While we need to acknowledge that this is a team effort between the federal and state Labor teams, evidence shows that South Australians are suffering at the hands of the Malinauskas Labor government. It was reported earlier this year by the ABC that South Australia was battling the highest inflation rate in the country, and it is now evident that families are around $20,000 worse off since Labor resumed office.
The ABC has reported that Adelaide has recorded the highest increase in food prices, with some food items doubling. The ABC quoted cumulative price increases of 16.4 per cent in Adelaide, compared with 16 per cent in Melbourne and 15 per cent in Sydney. When there is a 35 per cent increase in people looking for cheaper food sources, and food relief organisations such as Foodbank reporting a 57 per cent increase in demand, things are indeed grim. When people are having trouble buying basic foods, the government of the day has failed them. This hits people on low incomes hardest.

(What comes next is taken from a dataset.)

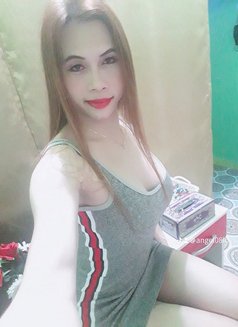 Asian Top69 - Transsexual escort in Abu Dhabi Photo 4 of 5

The state government has tacitly admitting this by including $266 million in the recent state budget for 'relief for the cost-of-living for South Australians'. How ironic that the government wants to portray themselves as the saviour for South Australians battling financial pressures when they have created these problems in the first place. This is like a firebug who starts a wildfire and plays the hero by helping the firefighters. This is the government playing good cop, bad cop with itself.
The cost-of-living pressures are a result of poor Labor policies, yet the government's solution is to throw taxpayer money at those affected. This ignores the truism that every added dollar that the government spends must first come either from an increased tax or from borrowing, which must be repaid from increased tax. Ultimately, the end result is more tax and less money in the pockets of South Australians.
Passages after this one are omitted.